In article <3062@charon.cwi.nl> dik@cwi.nl (Dik T. Winter) writes:
>In article <658@spim.mips.COM> mash@mips.com (John Mashey) writes:
...
> > 	I cannot think of any popular architecture designed in the
> > 	last 5-8 years that hasn't paid at least some attention to
> > 	making fast function calls, one way or another.

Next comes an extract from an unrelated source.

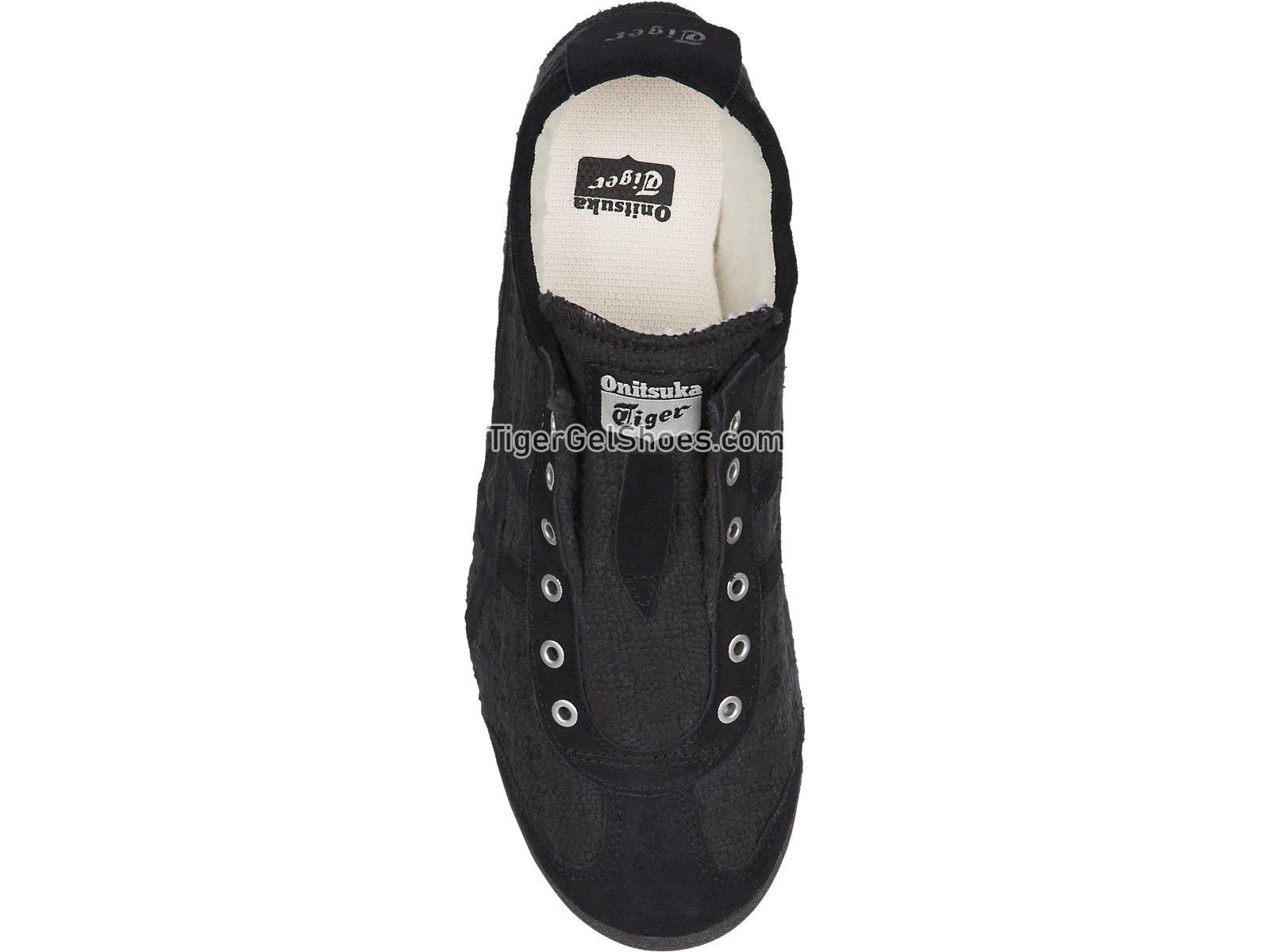 Onitsuka Tiger Mexico 66 Slip-on Black/Black D7L8N-9090 Womens Shoes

>I have extensive figures about subroutine call overhead (in this case about

>Below follows a table for a number of machines that indicates the speedup
>when optimization level 2 is used.  Also in the last two columns it
>indicates whether the base multiplication and division routines are small,
>medium size or large.  I use small when a single instruction could be used,
>medium when the hardware provides step instructions (multiply step or divide
>step) and large when bit fiddling should be done.  Medium is also used if FP
>operations are used.
 CPU ISA ARCHITECTURE DESIGNED IN WHAT YEAR?  WHOLE BUNCH OF GUESSES, within
1-2 YEARS, MAYBE.

 ?	Gould NP1				32.3%	small	small
 ?	Gould PowerNode				32.1%	small	small
 1979	Alliant FX/4 (68020 look-alike)		27.5%	small	small
 1979	Sony (68030)				27.1%	small	small
 1975	Vax 780					26.0%	small	small
 1979	Encore (32532)				24.9%	small	small
 1979	Sequent Balance (32032)			21.9%	small	small
 1979	Sun3 (68020)				20.4%	small	small
 1981	IBM RT/PC				18.6%	medium	medium
 1985	SGI 4D/25 (MIPS) FP			14.5%	medium	medium
 1986	Alliant FX2800 (i860)			13.8%	medium	medium
 1985	SGI 4D/25 (MIPS) INT			10.0%	small	large==>WHY?
<1984	Harris HCX7 (Tahoe)			 3.8%	small	small
 1985	Sun4 (SPARC)				 3.1%	medium	large
Just out of curiosity, say more about the nature of the routines for divide,
given than MIPS does have an integer divide, and SPARC doesn't, but both are
called large.  Also, just out of curiosity, could we see the two columns
of numbers from which the % was computed, i.e., the measured times?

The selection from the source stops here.